DATASET RECORDS below:

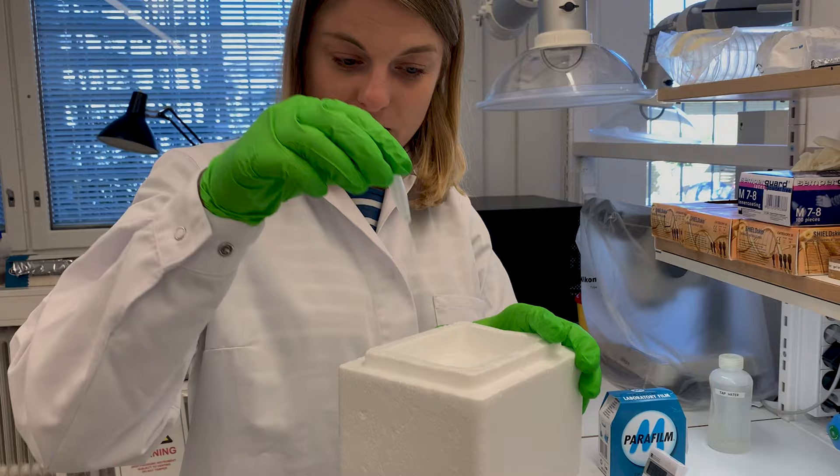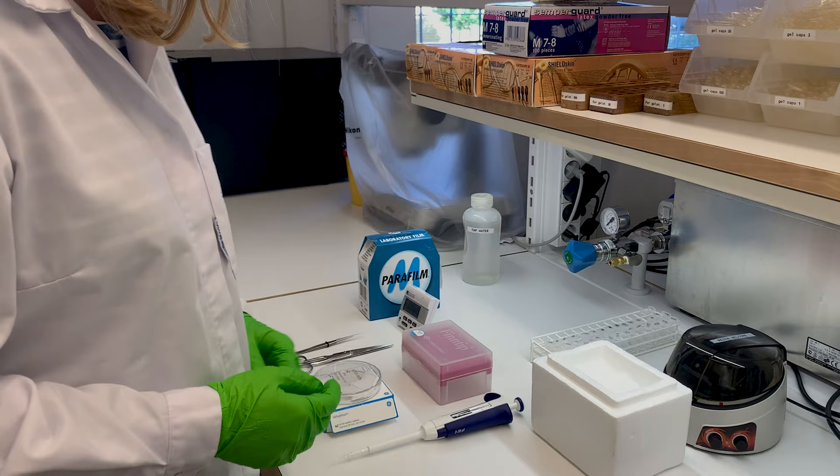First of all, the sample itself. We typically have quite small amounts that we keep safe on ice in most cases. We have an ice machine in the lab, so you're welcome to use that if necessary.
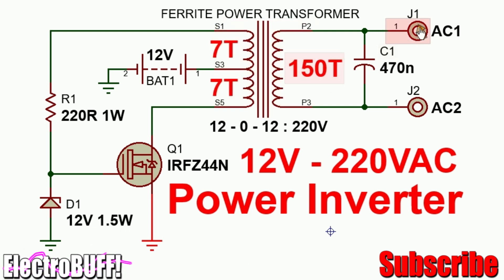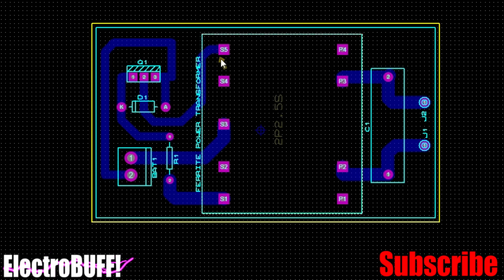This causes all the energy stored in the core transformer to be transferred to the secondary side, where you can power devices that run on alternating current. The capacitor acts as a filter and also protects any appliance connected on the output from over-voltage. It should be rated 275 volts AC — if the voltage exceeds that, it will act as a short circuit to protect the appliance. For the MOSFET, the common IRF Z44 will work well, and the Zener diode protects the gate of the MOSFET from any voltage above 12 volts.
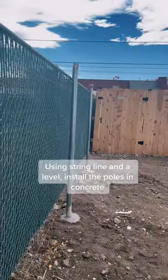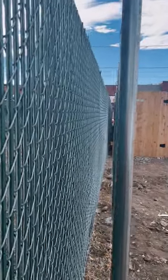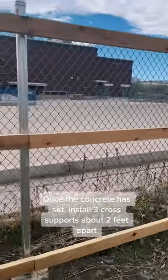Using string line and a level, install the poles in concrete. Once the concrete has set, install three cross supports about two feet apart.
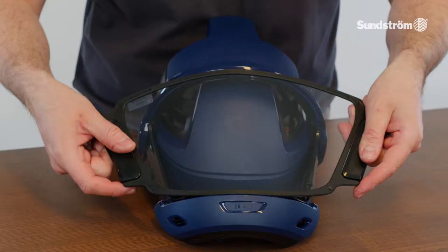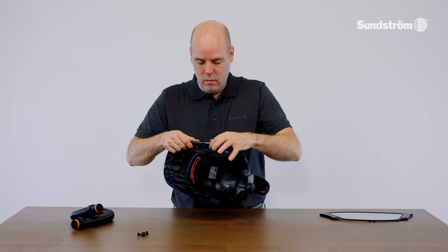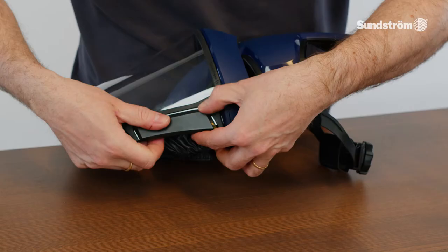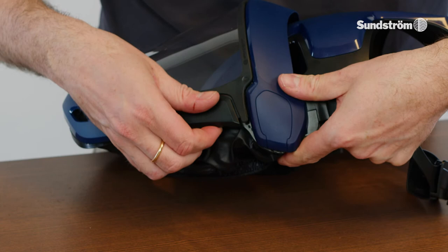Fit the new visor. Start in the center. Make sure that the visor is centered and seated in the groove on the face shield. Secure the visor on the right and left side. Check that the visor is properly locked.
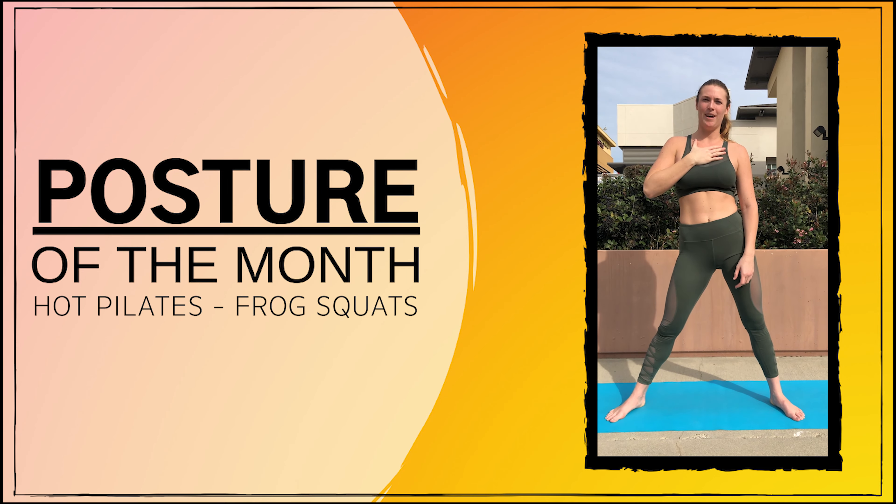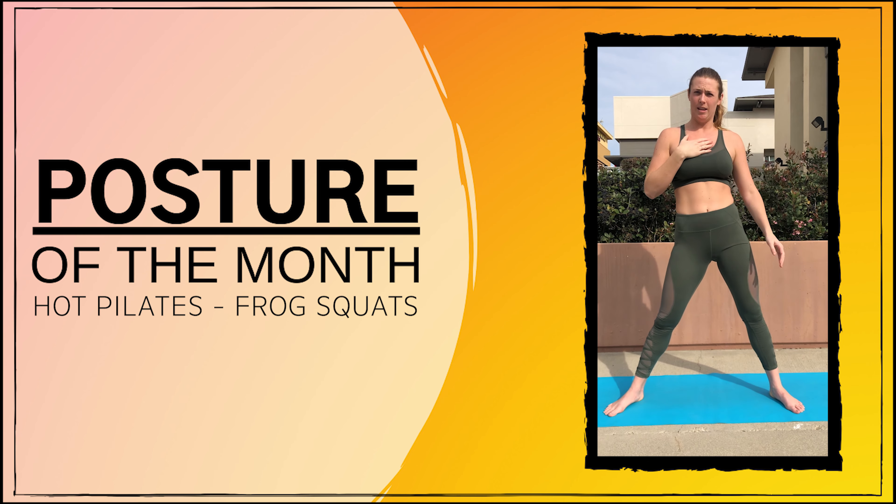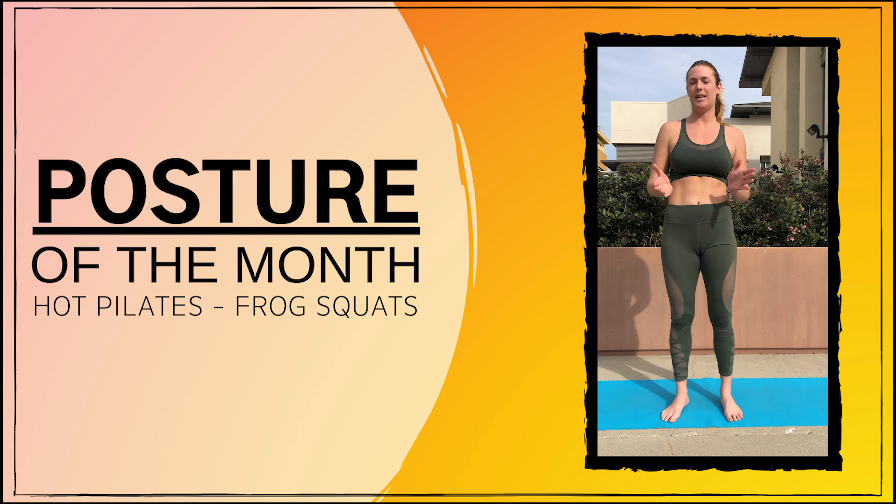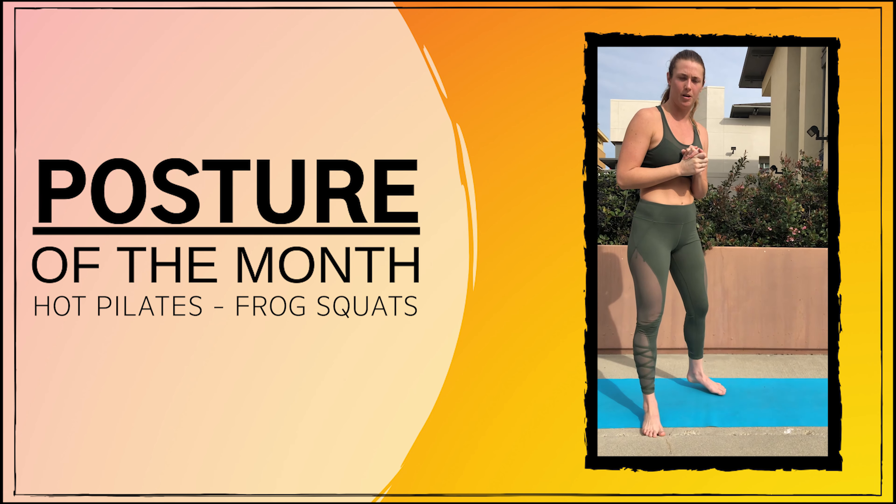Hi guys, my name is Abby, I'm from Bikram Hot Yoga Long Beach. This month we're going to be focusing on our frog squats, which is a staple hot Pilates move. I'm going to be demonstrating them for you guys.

End of DATASET RECORDS.

**TASK REQUIREMENTS**
In the records above, locate the line containing "This causes all", then copy exactly that line and every line after it through the end, omitting pictures.

**RESULT OF THE EXERCISE**
This causes all the energy stored in the core transformer to be transferred to the secondary side, where you can power devices that run on alternating current. The capacitor acts as a filter and also protects any appliance connected on the output from over-voltage. It should be rated 275 volts AC — if the voltage exceeds that, it will act as a short circuit to protect the appliance. For the MOSFET, the common IRF Z44 will work well, and the Zener diode protects the gate of the MOSFET from any voltage above 12 volts.
Using string line and a level, install the poles in concrete. Once the concrete has set, install three cross supports about two feet apart.
Fit the new visor. Start in the center. Make sure that the visor is centered and seated in the groove on the face shield. Secure the visor on the right and left side. Check that the visor is properly locked.
Hi guys, my name is Abby, I'm from Bikram Hot Yoga Long Beach. This month we're going to be focusing on our frog squats, which is a staple hot Pilates move. I'm going to be demonstrating them for you guys.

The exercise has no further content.